But he's still a liberal, and he's still an economist. That means he's incapable of giving any sort of fundamental critique of the economic forces he's made a career of explaining. Take this passage from his column today, on a theme he's been pursuing for months now:
We’re suffering from the paradox of thrift: saving is a virtue, but when everyone tries to sharply increase saving at the same time, the effect is a depressed economy. We’re suffering from the paradox of deleveraging: reducing debt and cleaning up balance sheets is good, but when everyone tries to sell off assets and pay down debt at the same time, the result is a financial crisis.The language of paradox here naturalizes capitalist dynamics, distracting attention from the more fundamental question - what on earth are we doing with a system that converts individual merit into collective disaster?

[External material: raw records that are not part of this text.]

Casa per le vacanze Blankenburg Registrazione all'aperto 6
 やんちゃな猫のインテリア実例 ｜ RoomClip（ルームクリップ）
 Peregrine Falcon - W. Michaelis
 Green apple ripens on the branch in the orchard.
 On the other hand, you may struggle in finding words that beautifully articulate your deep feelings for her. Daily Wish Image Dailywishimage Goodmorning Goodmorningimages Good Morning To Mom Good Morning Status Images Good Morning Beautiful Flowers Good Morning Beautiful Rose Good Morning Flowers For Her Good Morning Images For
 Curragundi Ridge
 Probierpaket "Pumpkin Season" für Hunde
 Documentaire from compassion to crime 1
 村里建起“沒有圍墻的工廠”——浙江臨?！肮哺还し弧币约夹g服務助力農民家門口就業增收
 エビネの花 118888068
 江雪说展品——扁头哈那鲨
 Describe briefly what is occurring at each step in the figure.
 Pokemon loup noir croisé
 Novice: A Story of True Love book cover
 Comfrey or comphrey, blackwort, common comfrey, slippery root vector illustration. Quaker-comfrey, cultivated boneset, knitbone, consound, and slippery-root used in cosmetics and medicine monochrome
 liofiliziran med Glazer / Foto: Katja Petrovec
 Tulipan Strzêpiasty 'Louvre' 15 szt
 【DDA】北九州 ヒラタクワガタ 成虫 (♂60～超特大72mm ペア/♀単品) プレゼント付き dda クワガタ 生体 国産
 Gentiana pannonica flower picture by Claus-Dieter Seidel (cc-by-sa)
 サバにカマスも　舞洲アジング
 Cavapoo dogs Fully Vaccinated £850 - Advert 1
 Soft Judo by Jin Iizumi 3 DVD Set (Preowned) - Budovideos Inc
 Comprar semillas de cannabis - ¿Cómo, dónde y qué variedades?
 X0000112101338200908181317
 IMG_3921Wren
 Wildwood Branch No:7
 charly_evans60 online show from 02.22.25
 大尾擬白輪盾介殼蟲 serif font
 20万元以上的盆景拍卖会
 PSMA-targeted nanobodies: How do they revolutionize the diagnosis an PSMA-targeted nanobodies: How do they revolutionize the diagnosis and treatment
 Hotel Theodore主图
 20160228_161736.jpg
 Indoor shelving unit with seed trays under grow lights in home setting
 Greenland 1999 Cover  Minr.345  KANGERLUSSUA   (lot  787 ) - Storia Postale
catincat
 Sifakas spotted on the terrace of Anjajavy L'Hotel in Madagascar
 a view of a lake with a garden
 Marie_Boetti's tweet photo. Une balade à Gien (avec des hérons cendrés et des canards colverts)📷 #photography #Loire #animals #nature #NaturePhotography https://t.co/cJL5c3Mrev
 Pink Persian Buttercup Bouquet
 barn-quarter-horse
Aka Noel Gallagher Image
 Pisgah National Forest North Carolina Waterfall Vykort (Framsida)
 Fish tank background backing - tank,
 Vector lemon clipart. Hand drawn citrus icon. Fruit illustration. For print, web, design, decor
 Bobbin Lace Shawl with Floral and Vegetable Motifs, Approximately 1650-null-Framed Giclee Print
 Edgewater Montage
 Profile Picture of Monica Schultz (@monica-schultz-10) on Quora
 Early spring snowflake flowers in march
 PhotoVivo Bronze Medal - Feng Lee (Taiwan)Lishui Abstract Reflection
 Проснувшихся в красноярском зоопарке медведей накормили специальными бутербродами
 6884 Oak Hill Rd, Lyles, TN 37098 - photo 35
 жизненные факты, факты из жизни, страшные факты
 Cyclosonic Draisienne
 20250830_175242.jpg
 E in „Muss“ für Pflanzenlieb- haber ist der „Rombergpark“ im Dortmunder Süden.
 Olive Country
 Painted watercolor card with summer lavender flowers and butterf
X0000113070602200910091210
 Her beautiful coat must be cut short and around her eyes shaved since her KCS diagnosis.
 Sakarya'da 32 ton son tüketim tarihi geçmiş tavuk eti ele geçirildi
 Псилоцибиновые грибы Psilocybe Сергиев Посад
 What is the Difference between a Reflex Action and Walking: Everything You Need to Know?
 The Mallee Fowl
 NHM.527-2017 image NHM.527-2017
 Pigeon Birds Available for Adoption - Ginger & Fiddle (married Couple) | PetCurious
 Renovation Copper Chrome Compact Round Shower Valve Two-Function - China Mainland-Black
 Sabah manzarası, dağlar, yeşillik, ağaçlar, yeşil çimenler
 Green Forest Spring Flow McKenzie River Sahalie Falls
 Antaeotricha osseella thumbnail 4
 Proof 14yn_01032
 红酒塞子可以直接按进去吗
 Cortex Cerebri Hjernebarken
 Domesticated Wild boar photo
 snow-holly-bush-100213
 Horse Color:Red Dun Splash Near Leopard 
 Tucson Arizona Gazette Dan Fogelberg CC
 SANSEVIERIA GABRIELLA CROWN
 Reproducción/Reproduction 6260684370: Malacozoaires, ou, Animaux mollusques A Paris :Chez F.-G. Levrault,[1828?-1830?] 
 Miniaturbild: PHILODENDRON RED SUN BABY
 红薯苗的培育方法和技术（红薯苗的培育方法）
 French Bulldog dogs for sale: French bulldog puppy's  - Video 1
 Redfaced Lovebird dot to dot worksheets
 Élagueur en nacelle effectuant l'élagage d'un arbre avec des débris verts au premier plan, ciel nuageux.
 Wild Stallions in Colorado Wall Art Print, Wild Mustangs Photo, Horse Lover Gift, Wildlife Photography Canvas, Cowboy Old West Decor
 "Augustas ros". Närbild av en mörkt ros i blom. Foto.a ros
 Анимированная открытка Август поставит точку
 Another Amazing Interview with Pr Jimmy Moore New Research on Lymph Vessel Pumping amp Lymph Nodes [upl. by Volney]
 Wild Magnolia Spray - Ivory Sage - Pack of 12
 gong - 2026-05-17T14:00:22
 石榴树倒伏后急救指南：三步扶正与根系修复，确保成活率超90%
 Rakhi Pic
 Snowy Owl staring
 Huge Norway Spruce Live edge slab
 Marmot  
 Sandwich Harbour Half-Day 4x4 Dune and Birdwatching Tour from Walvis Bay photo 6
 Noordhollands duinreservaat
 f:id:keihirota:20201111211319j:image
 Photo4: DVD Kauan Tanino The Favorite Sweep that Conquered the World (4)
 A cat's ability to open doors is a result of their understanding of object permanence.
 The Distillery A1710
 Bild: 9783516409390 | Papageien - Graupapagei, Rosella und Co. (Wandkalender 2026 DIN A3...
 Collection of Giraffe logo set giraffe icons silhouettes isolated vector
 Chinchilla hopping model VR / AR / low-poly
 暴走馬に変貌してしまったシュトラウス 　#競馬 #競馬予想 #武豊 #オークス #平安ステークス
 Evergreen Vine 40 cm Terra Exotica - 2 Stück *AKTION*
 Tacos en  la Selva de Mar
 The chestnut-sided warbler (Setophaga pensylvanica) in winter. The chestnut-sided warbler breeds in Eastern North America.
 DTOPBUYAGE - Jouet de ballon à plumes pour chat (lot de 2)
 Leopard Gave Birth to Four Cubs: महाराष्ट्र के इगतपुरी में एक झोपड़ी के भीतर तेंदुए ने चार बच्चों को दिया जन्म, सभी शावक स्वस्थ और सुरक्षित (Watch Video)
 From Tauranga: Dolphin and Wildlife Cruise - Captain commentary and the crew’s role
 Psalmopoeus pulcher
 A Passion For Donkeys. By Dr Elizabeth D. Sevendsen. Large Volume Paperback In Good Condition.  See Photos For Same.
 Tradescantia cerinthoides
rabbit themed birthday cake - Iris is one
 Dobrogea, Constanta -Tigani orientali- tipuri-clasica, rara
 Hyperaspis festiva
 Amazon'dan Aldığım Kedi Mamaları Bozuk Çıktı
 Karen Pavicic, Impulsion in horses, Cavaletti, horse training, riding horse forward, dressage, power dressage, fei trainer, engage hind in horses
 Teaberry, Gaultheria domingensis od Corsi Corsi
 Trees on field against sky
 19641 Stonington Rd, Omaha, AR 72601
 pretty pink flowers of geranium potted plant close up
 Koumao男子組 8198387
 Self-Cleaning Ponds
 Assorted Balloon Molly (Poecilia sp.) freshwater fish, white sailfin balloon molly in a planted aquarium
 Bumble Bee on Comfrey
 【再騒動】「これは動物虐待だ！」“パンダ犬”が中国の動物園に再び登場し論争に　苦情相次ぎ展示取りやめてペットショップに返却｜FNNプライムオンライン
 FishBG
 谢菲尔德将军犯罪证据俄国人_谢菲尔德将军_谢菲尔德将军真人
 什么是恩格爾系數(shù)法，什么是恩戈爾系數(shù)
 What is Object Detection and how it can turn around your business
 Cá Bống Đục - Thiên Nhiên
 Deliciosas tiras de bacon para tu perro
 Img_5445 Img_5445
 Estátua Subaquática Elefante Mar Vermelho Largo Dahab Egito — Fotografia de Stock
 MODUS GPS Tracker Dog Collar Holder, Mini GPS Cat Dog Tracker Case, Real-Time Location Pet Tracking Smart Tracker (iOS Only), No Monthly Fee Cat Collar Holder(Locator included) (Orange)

And soon we may be facing the paradox of wages: workers at any one company can help save their jobs by accepting lower wages, but when employers across the economy cut wages at the same time, the result is higher unemployment.
Here’s how the paradox works. Suppose that workers at the XYZ Corporation accept a pay cut. That lets XYZ management cut prices, making its products more competitive. Sales rise, and more workers can keep their jobs. So you might think that wage cuts raise employment — which they do at the level of the individual employer.
But if everyone takes a pay cut, nobody gains a competitive advantage. So there’s no benefit to the economy from lower wages. Meanwhile, the fall in wages can worsen the economy’s problems on other fronts.
These so-called paradoxes are just more examples of the perverse incentives built into market economies. Sweatshop clothes are cheaper than those produced under decent working conditions, so the rational individual will choose the socially destructive product. Companies that force the costs of the pollution they produce onto society win a competitive advantage, so the environment is steadily destroyed that the individual consumer might save 50 cents. Cutting corners on quality means higher profits - even at the cost of seriously injuring or killing the consumer - so the fairly free markets of China have churned out scandal after scandal of tainted food and drugs.
As with Krugman's "paradoxes", these phenomena illustrate a fundamental truth of capitalism - brutally rational at the individual level, it is insanely irrational as a whole. Even more terrifying, altho the economic system was created by humans and only exists thru our collective institutions and individual behaviors, its logic exists as something beyond our control, acting upon us as an external force animated by unstable, mysterious laws.
This helps explain the widespread portrayal of the economic crisis as a kind of natural disaster rather than what it is: a creation of human beings. We have to start aggressively making the point that capitalism, like the crises and social devastation it endlessly produces, is a human invention and could be ended once and for all if we so chose.